Rather, they grew up with stories that portrayed physical difference as negative and a reason for social ostracism or segregation, such as “The Hunchback of Notre Dame” and “Snow White and the Seven Dwarfs” (SPOD 1990a). Therefore as children they had few points of reference in terms of a positive body image or meaningful disabled adult role models. Disability is usually linked with something not right or unnatural.

The unnaturalness carries through disability and sexuality, therefore, and disabled girls learn and are reminded of their asexual status in various contexts and social interactions of everyday life from professionals, families, relatives, friends, and strangers. A number of women hence had strong memories of others’ responses to their physicality, particularly when approaching adolescence and becoming self-aware of their physical difference.

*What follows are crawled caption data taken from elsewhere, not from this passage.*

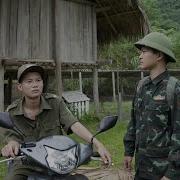 Đưa Em Về Nhà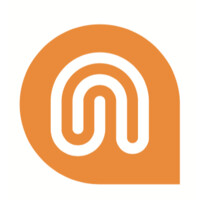 Newline Communications Ltd logo - Similar company to Iti Network Services Ltd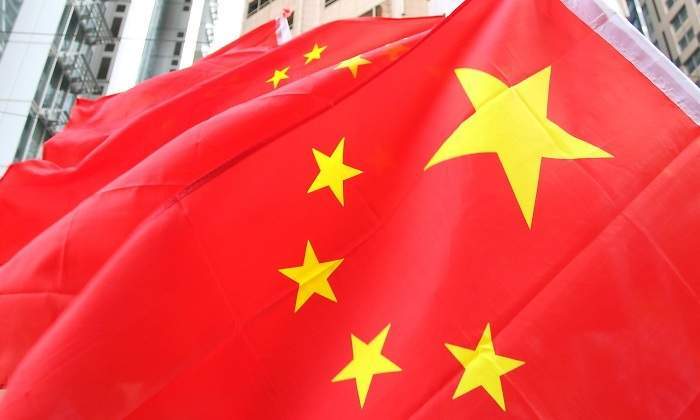 700x420_china-bandera-dreamstime.jpg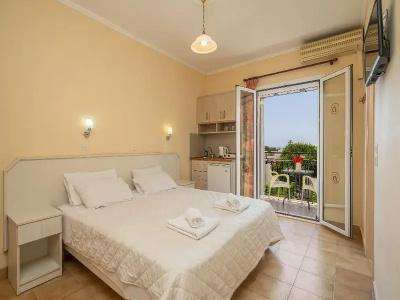 Dionysios Studios - 49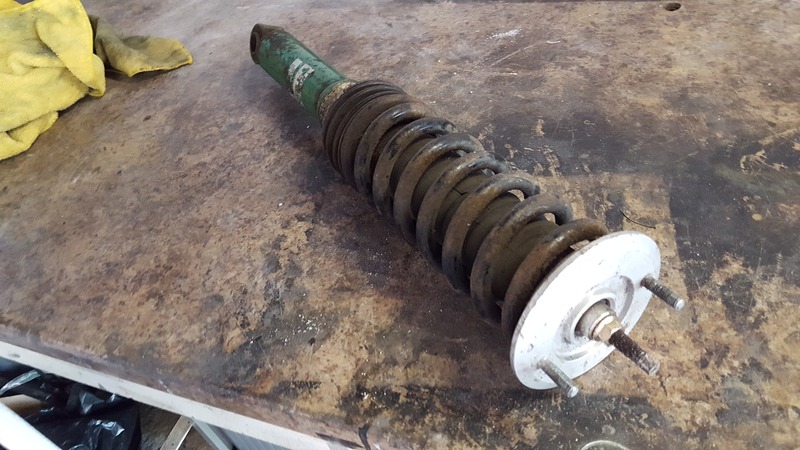 20160617_192008_zpskhdmhta8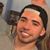 Marc Trevera's profile image
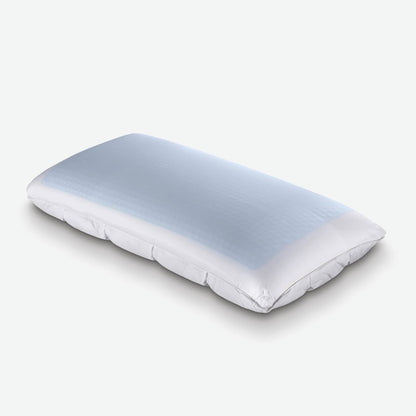 Purecare Cooling SoftCell® Chill Pillow
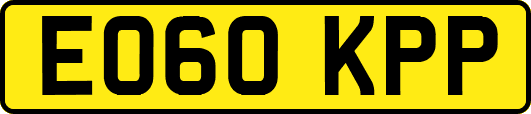 EO60KPP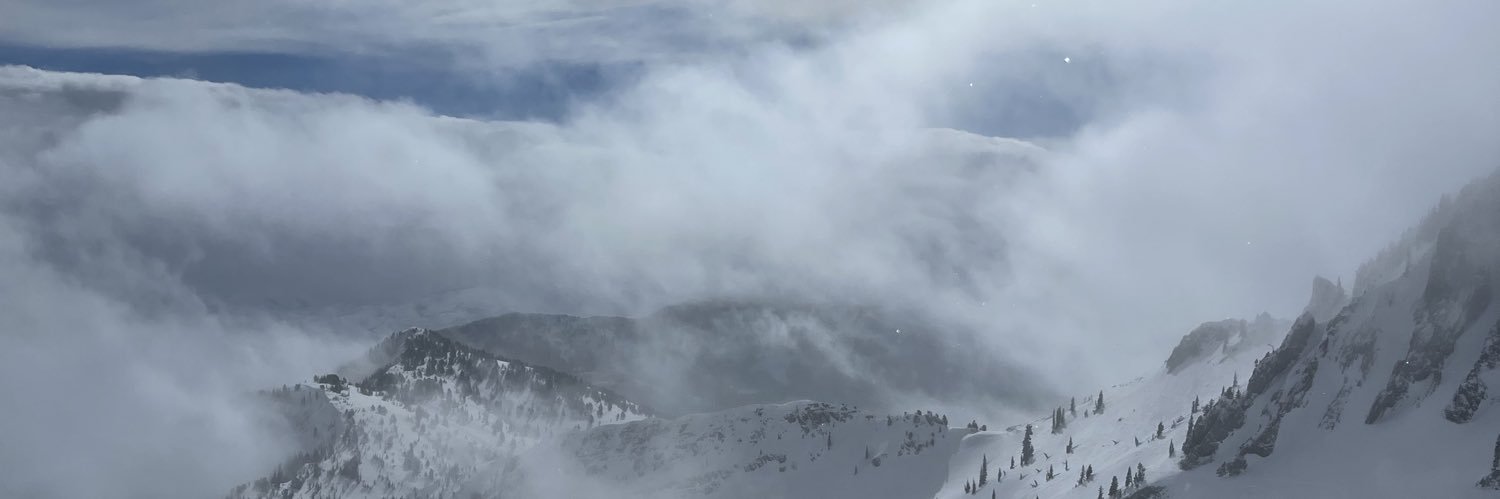 EdgerTheEver's profile banner image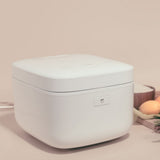 Xiaomi IH 3L Electric Rice Cooker Remote Control Function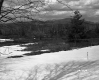 Getz Property Between Brookfield and Berlin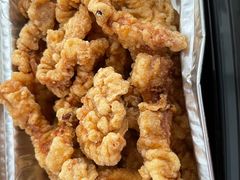 -盒马鲜生(顺义店)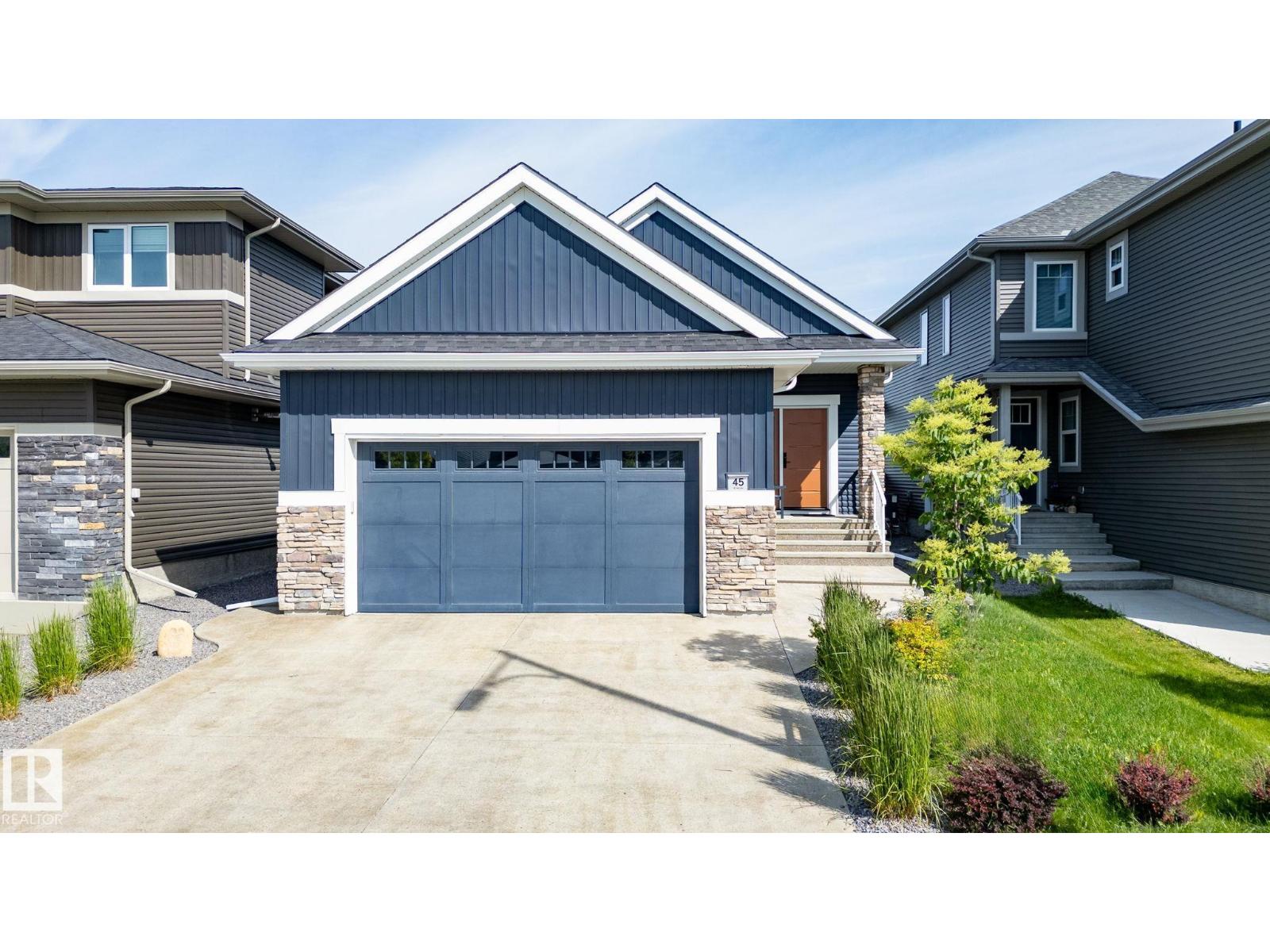 45 Evermore Cr Property Photo 1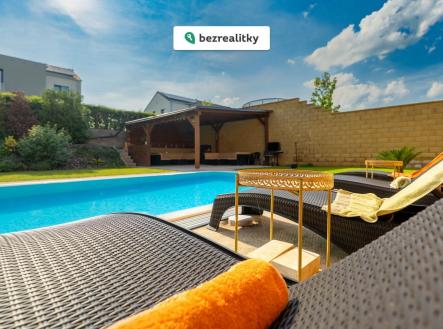 1755600294-yknwifdnot-009 | Prodej - dům/vila, 229 m²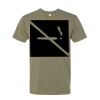 Premium Blend T-Shirt Thumbnail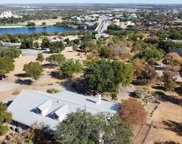 104 Gateaway North, Marble Falls image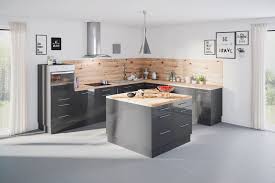 Cuisine Pas Chere Selection De Modeles Meuble Bas Cuisine Cuisine Moderne Meuble Cuisine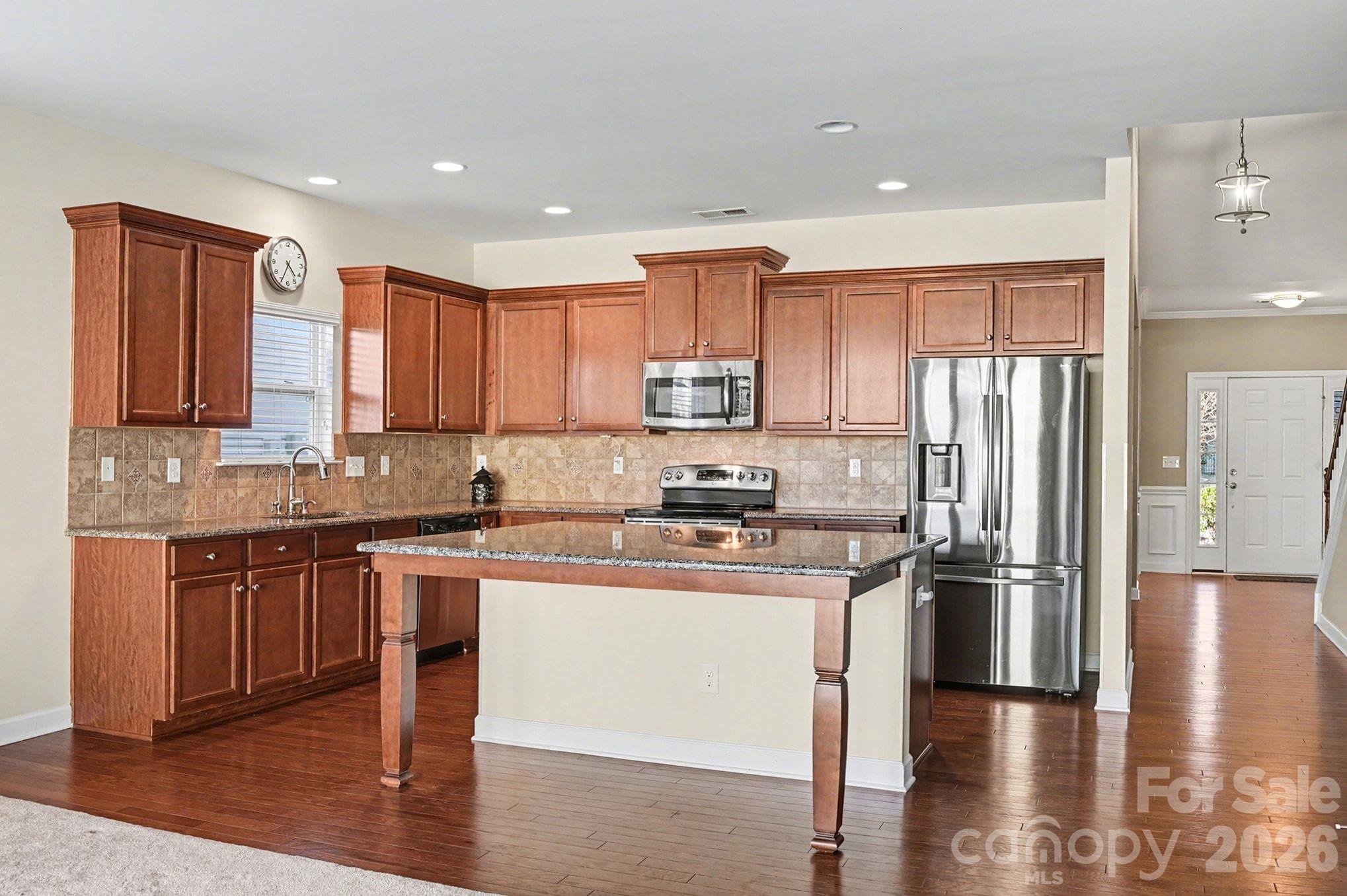 10974 Aspen Ridge Lane NW Concord NC 28027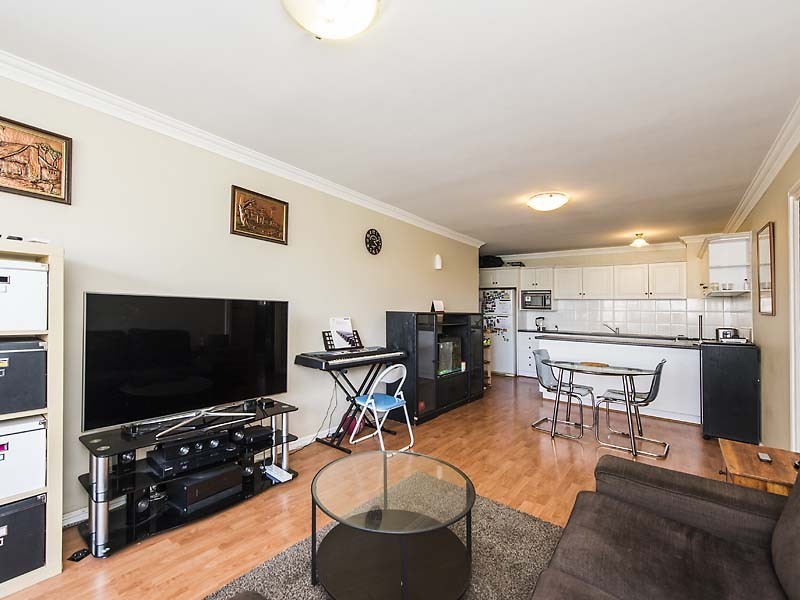 138/2 Murray Avenue, Mosman Park WA 6012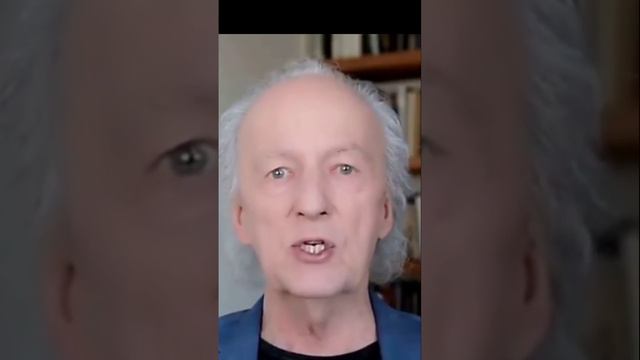 Джон Кехо
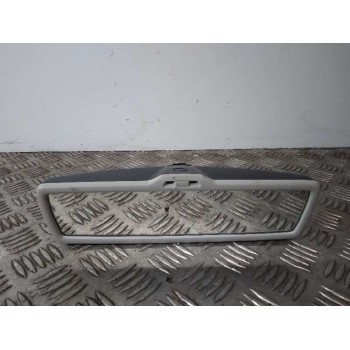 Recambio de espejo interior para volkswagen passat berlina (3c2) edition plus referencia OEM IAM 3500136  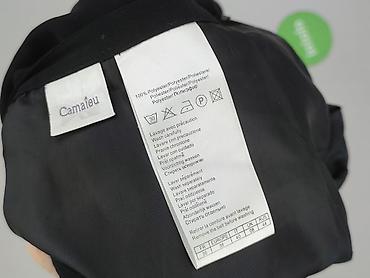 mango spodnice: Camaïeu, Spódnica damska, rozmiar S — 4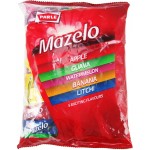 Parle Mazelo - Assorted Candies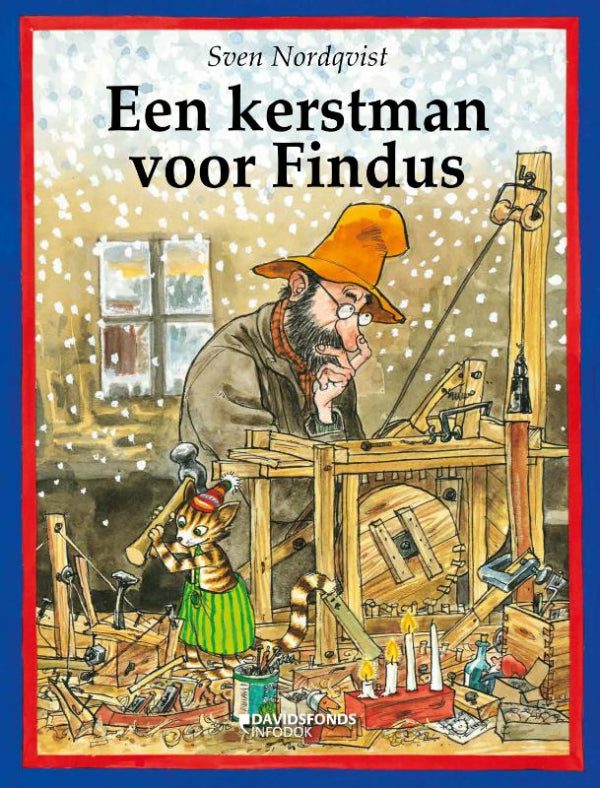 Een-kerstman-voor-Findus-boek-cover-9789059088573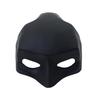 1 шт. Маска Бэт-кота Мстителя Маска Бэт-кота Мстителя Маска кота Товары для питомцев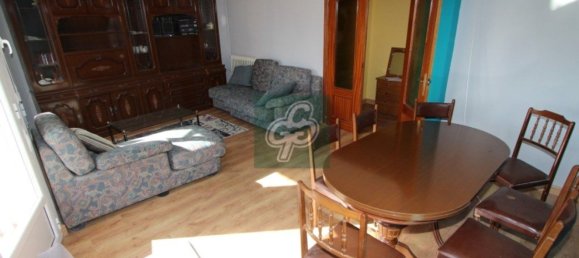 3 غرف نوم شقة في Benavente, Spain رقم 69379 23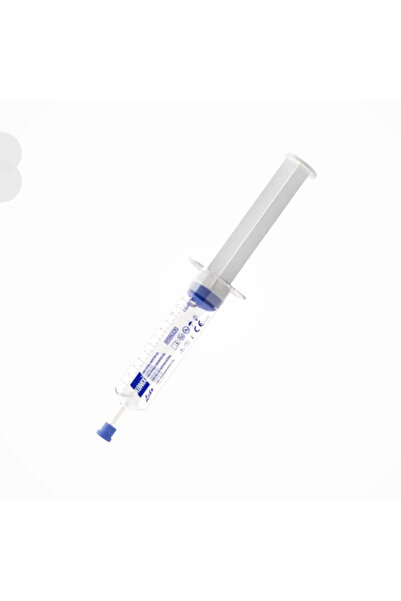 Genel Markalar Konix Steril Katater Kayganlaştırıcı Jel (Katajel) 12ml - 1 Adet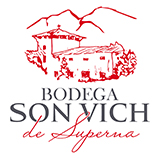 Bodega Son Vich de Superna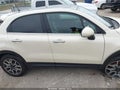2019 Fiat 500X — photo 13 of 16 | VIN ZFBNFYD19KP769440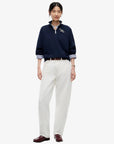 sweat-tommy-hilfiger-marine-porte-ww0ww51878c1g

The body acts as a site of capture between others’ responses to our bodies and internalized interpretations of these responses (Hall 1999, 143). These accumulated experiences may influence an individual's present or future self-image and sexual identity, an aspect of how personal pasts weigh upon individual futures.

Normalizing Absences

Many of the women interviewed recalled that sex or any topics related to sex were never discussed within their family. This led them to understand that sex was not for them; although this was not directly communicated to them, the nonmention of sex evidently conveyed family expectations of them as asexual (Gillespie-Sells, Hill, and Robbins 1998).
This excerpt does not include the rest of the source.